## About this task
Would you give the listing back word for word once its pictures are removed?

## Information provided
━━━━━━━━

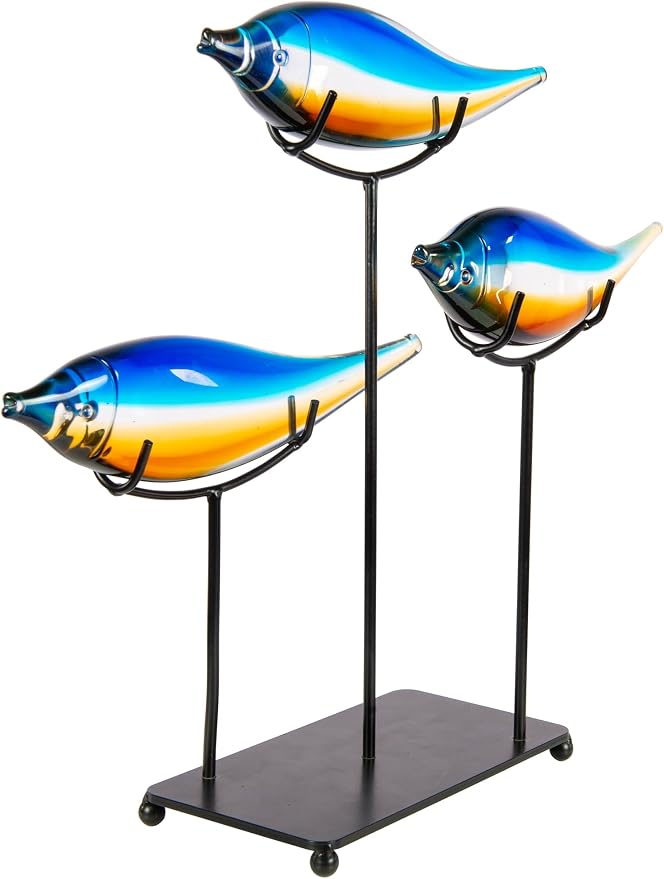 Dale Tiffany AS24126 Garfish Art Glass Sculpture with Stand, Blue, 15"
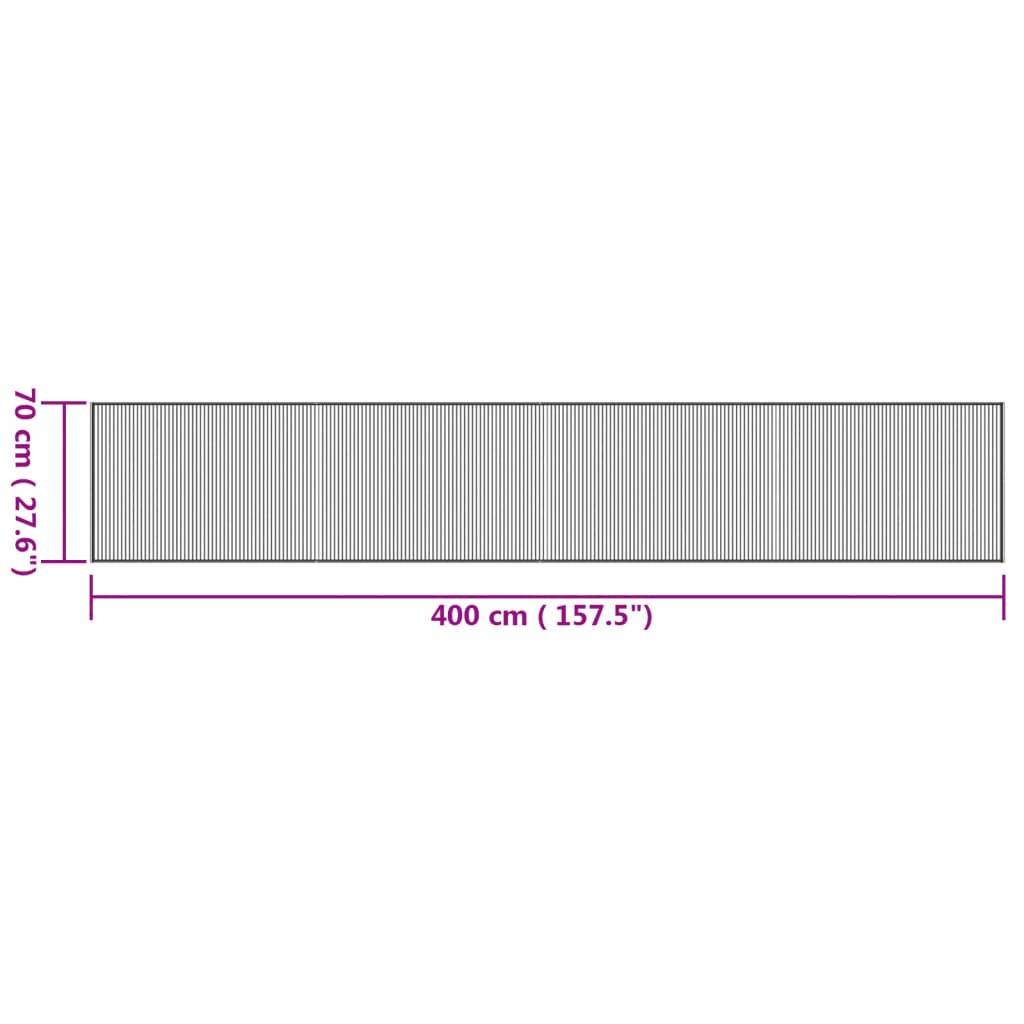 vidaXL Teppich Rechteckig Natur 70x400 cm Bambus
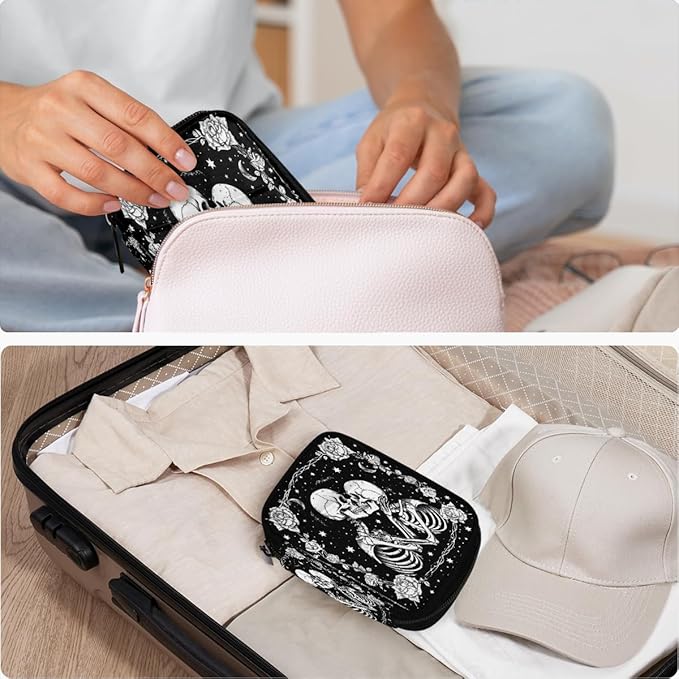 Black Romantic Skull Pill Case Travel Pill Organizer Weekly 7 Day Portable with Zipper Medicine Box Pill Case for Vitamins, Birth Control,Fish Oils,Medication, Supplements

━━━━━━━━

## Expected answer
 Dale Tiffany AS24126 Garfish Art Glass Sculpture with Stand, Blue, 15"
 vidaXL Teppich Rechteckig Natur 70x400 cm Bambus
 Black Romantic Skull Pill Case Travel Pill Organizer Weekly 7 Day Portable with Zipper Medicine Box Pill Case for Vitamins, Birth Control,Fish Oils,Medication, Supplements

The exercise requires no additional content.